YOUR ASSIGNMENT. Exact reproduction of the data is required, with images excluded.

RECORDS SHOWN.
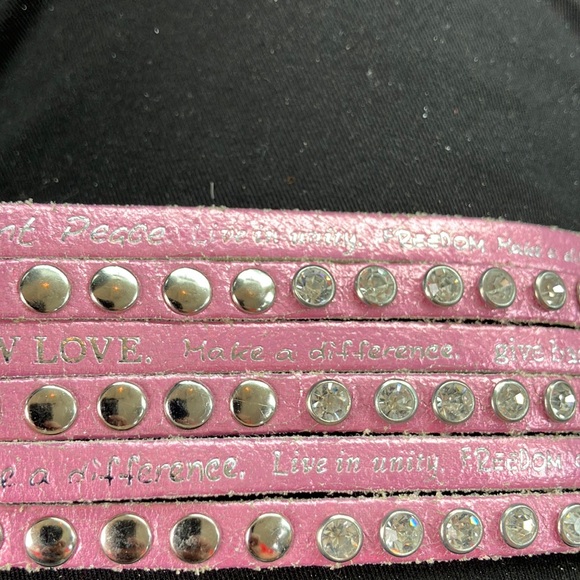 NWT Inspirational sparkle bracelet Humanity For All Wynk Sow Peace LOVE Unity - Picture 8 of 13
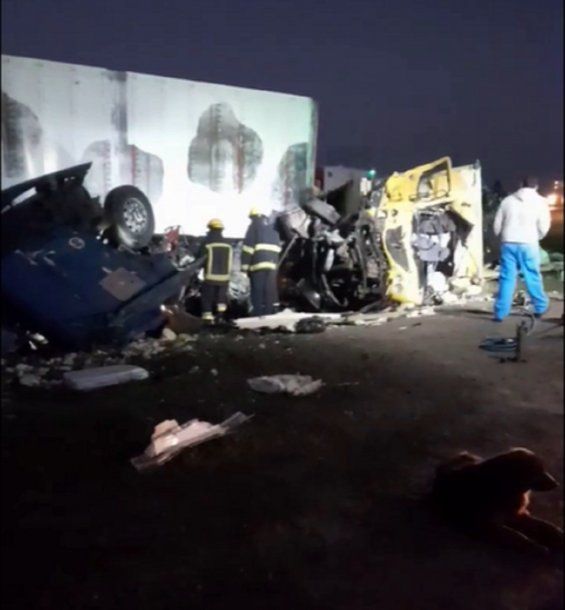 Corrientes: choque frontal entre dos camiones deja dos muertos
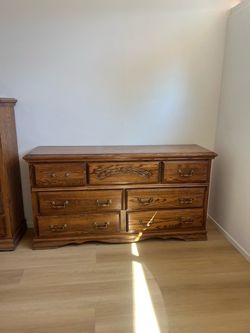 7-Drawer Dresser!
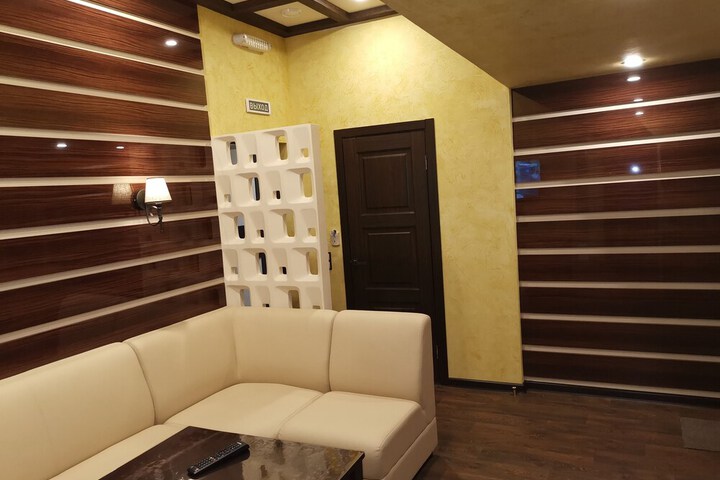 Room 37 of 48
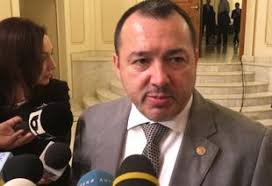 Deputatul psd cătălin rădulescu a declarat ieri, că în ordonanţa de urgenţă privind amnistia şi graţierea ar trebui să fie incluse şi faptele de corupţie. CÄƒtÄƒlin RÄƒdulescu Psd O OrdonanÅ£Äƒ Pentru Amnistie Si GraÅ£iere Este NecesarÄƒ SÄƒ Tragem O Linie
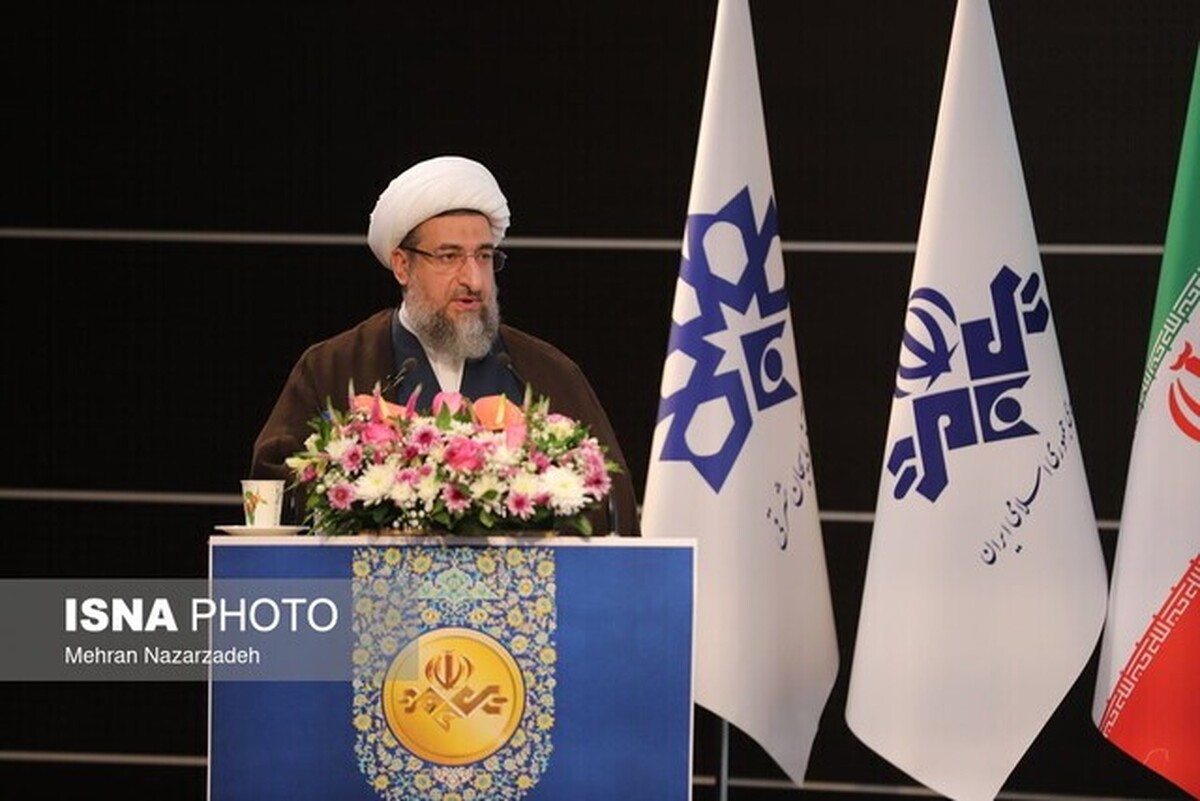 امام جمعه تبریز: محتوای اکثر برنامه‌های صدا و سیما یکسان و تکراری است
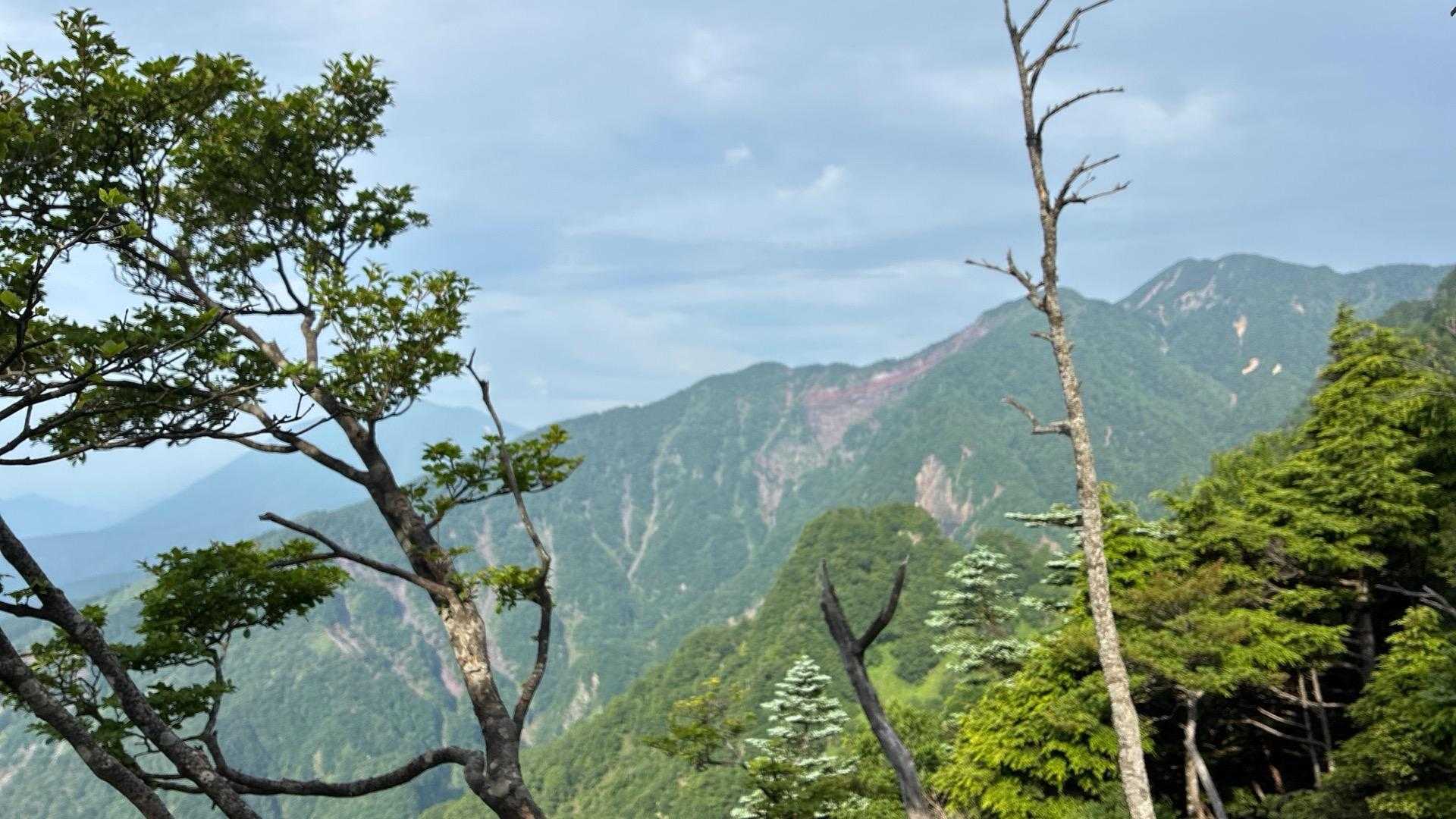 女峰山は遠いなあ。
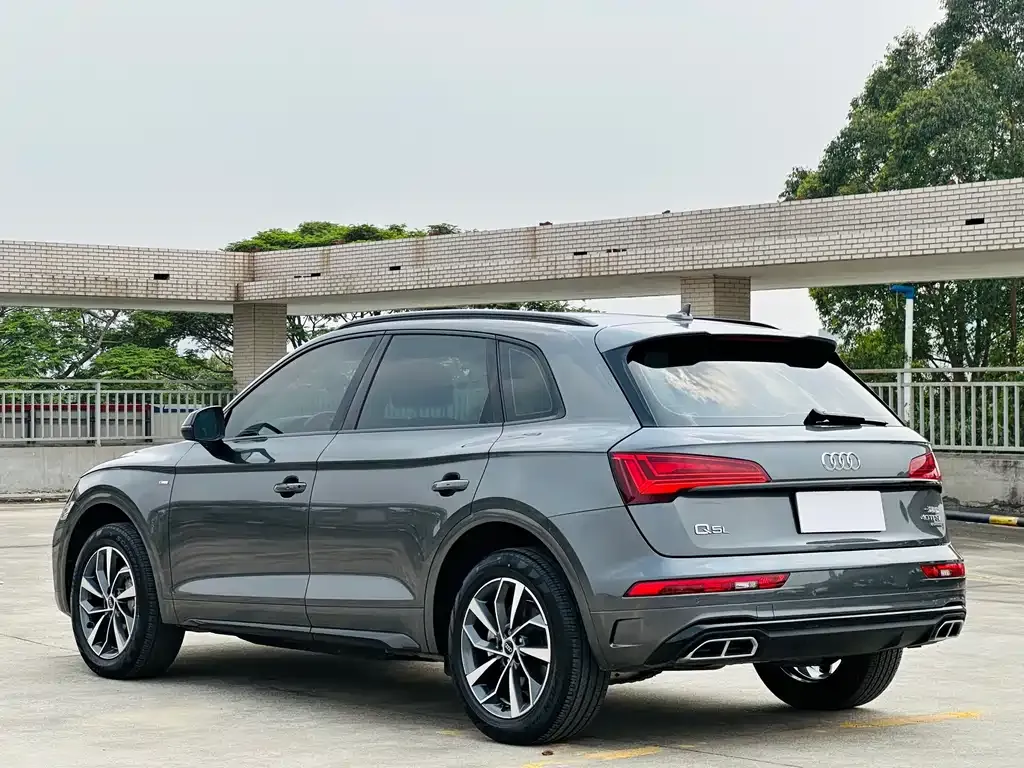 Audi Q5L — фото 3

EXERCISE SOLUTION.
 NWT Inspirational sparkle bracelet Humanity For All Wynk Sow Peace LOVE Unity - Picture 8 of 13
 Corrientes: choque frontal entre dos camiones deja dos muertos
 7-Drawer Dresser!
 Room 37 of 48
 Deputatul psd cătălin rădulescu a declarat ieri, că în ordonanţa de urgenţă privind amnistia şi graţierea ar trebui să fie incluse şi faptele de corupţie. CÄƒtÄƒlin RÄƒdulescu Psd O OrdonanÅ£Äƒ Pentru Amnistie Si GraÅ£iere Este NecesarÄƒ SÄƒ Tragem O Linie
 امام جمعه تبریز: محتوای اکثر برنامه‌های صدا و سیما یکسان و تکراری است
 女峰山は遠いなあ。
 Audi Q5L — фото 3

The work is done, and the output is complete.